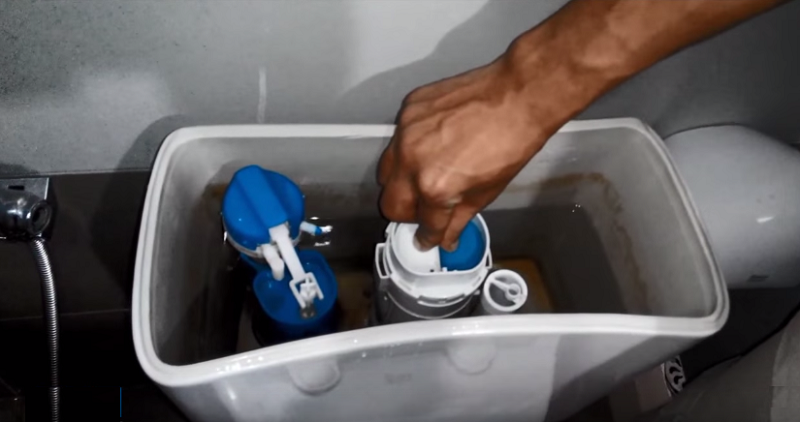 Sửa chữa thiết bị vệ sinh tại Cần Thơ - sửa bồn cầu bị chảy nước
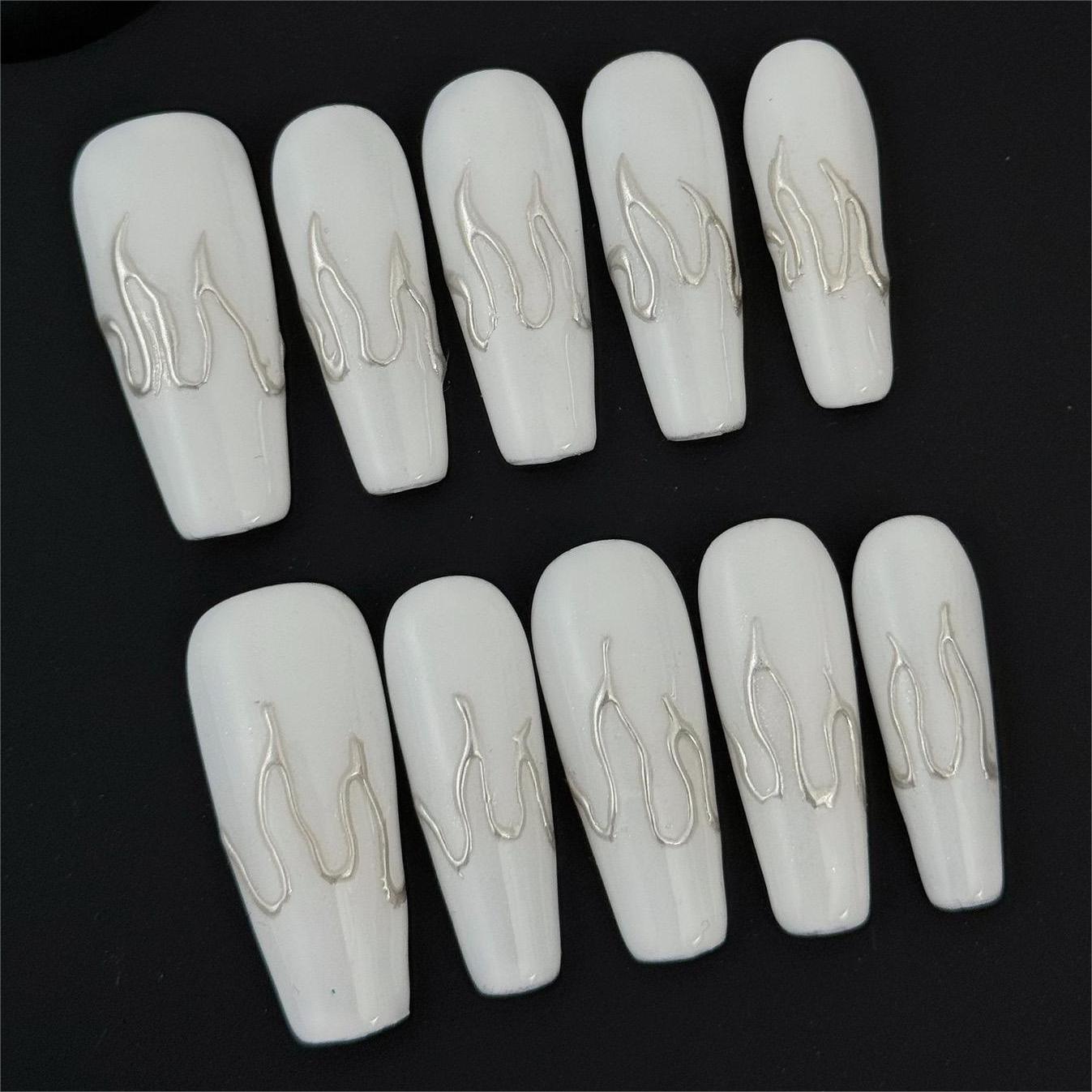 Siva Nail, White Heat, Contemporary Press on Nails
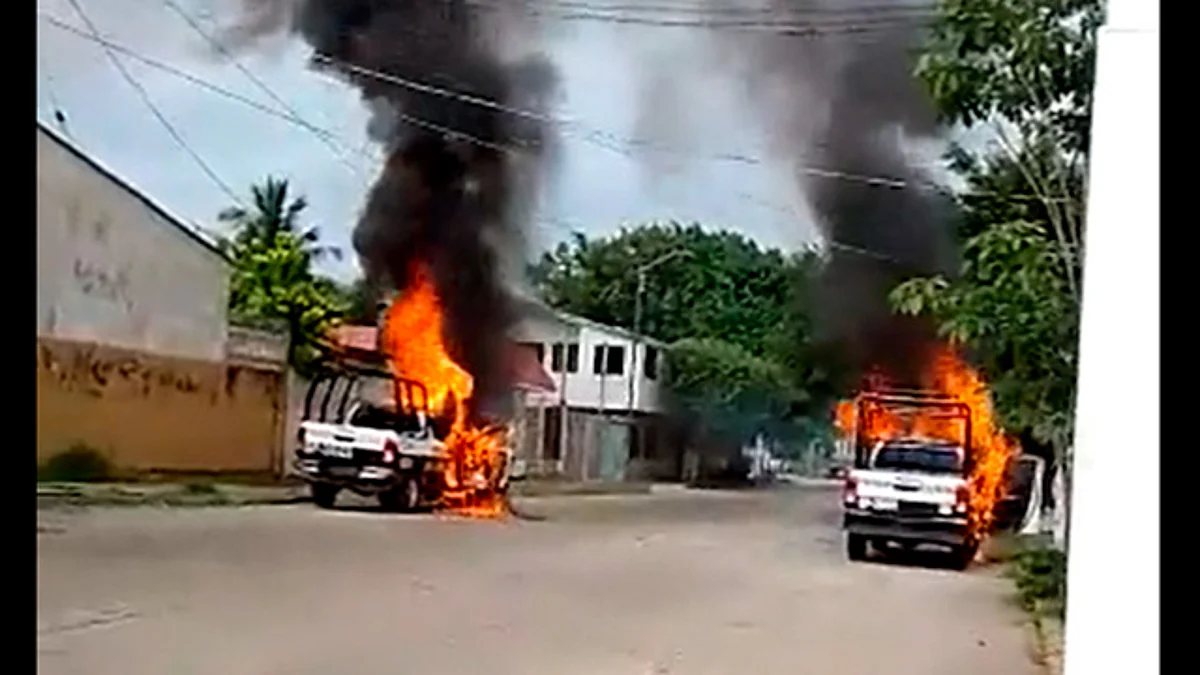 Prenden fuego a dos patrullas de Seguridad Pública en Veracruz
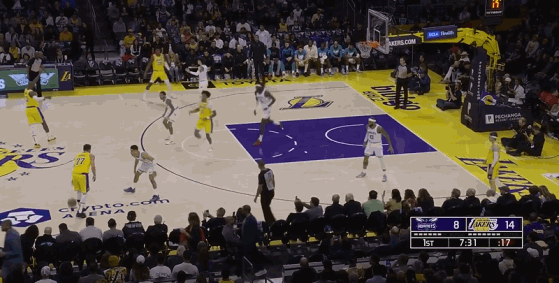  咋回事？東契奇連續(xù)2次傳球詹姆斯直接傳出界外 半節(jié)已5次失誤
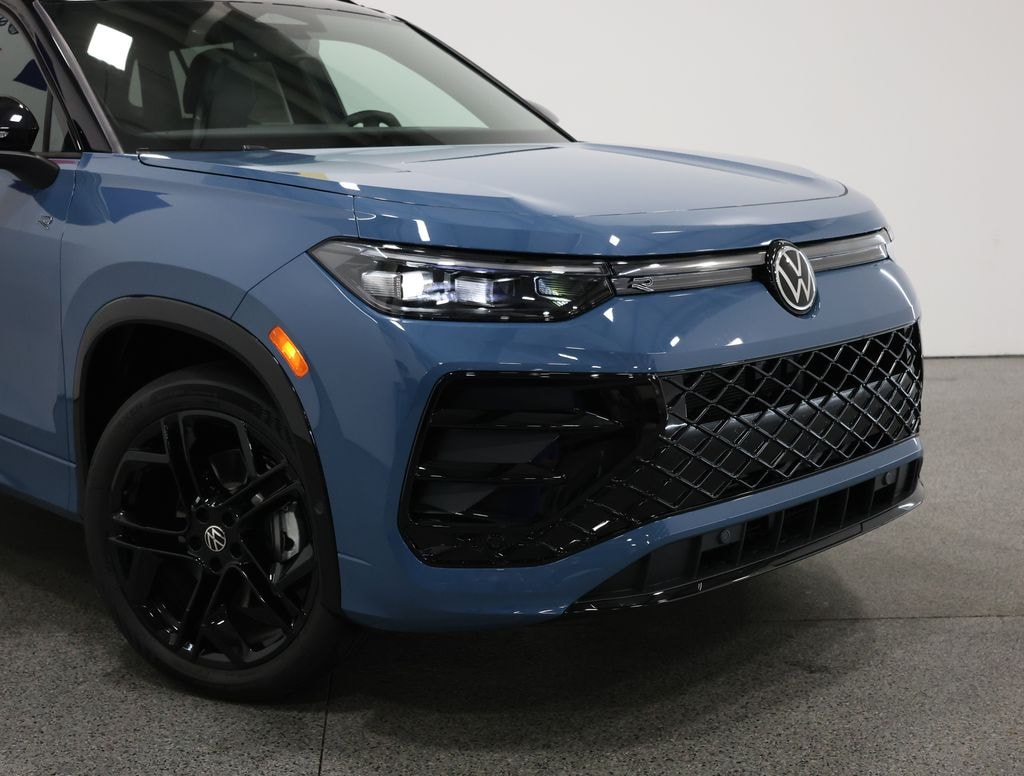 New 2026 Volkswagen Tiguan 2.0T SE R-Line Black SUV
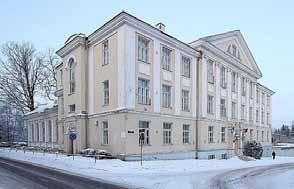 Uusklassitsistliku kujundusega (joonia pilastrid, kolmnurkviil) sümmeetrilise fassaadilahendusega hoone.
^^^^
DESCRIPTION OF THE TASK –
Everything from the line containing "Siva Nail, White" through the last line of the listing above must be output exactly, except the pictures.

FINISHED EXERCISE –
 Siva Nail, White Heat, Contemporary Press on Nails
 Prenden fuego a dos patrullas de Seguridad Pública en Veracruz
  咋回事？東契奇連續(xù)2次傳球詹姆斯直接傳出界外 半節(jié)已5次失誤
 New 2026 Volkswagen Tiguan 2.0T SE R-Line Black SUV
 Uusklassitsistliku kujundusega (joonia pilastrid, kolmnurkviil) sümmeetrilise fassaadilahendusega hoone.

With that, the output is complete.